● **Task objective**
Only one stretch of the data below should be repeated: the lines from the line containing "PG Bank nêu" through the line containing "Ancelotti, la carriera", inclusive, exactly as they are.

● **Supplied information**
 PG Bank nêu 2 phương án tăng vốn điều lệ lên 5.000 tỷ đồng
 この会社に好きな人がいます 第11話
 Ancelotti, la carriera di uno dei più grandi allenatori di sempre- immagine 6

--

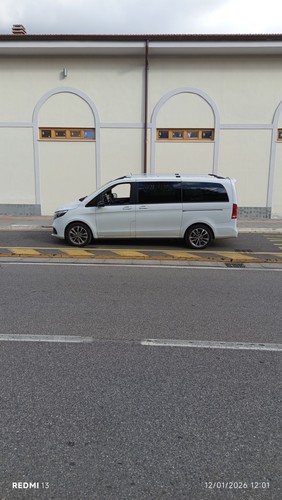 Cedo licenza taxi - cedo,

● **Result of this exercise**
 PG Bank nêu 2 phương án tăng vốn điều lệ lên 5.000 tỷ đồng
 この会社に好きな人がいます 第11話
 Ancelotti, la carriera di uno dei più grandi allenatori di sempre- immagine 6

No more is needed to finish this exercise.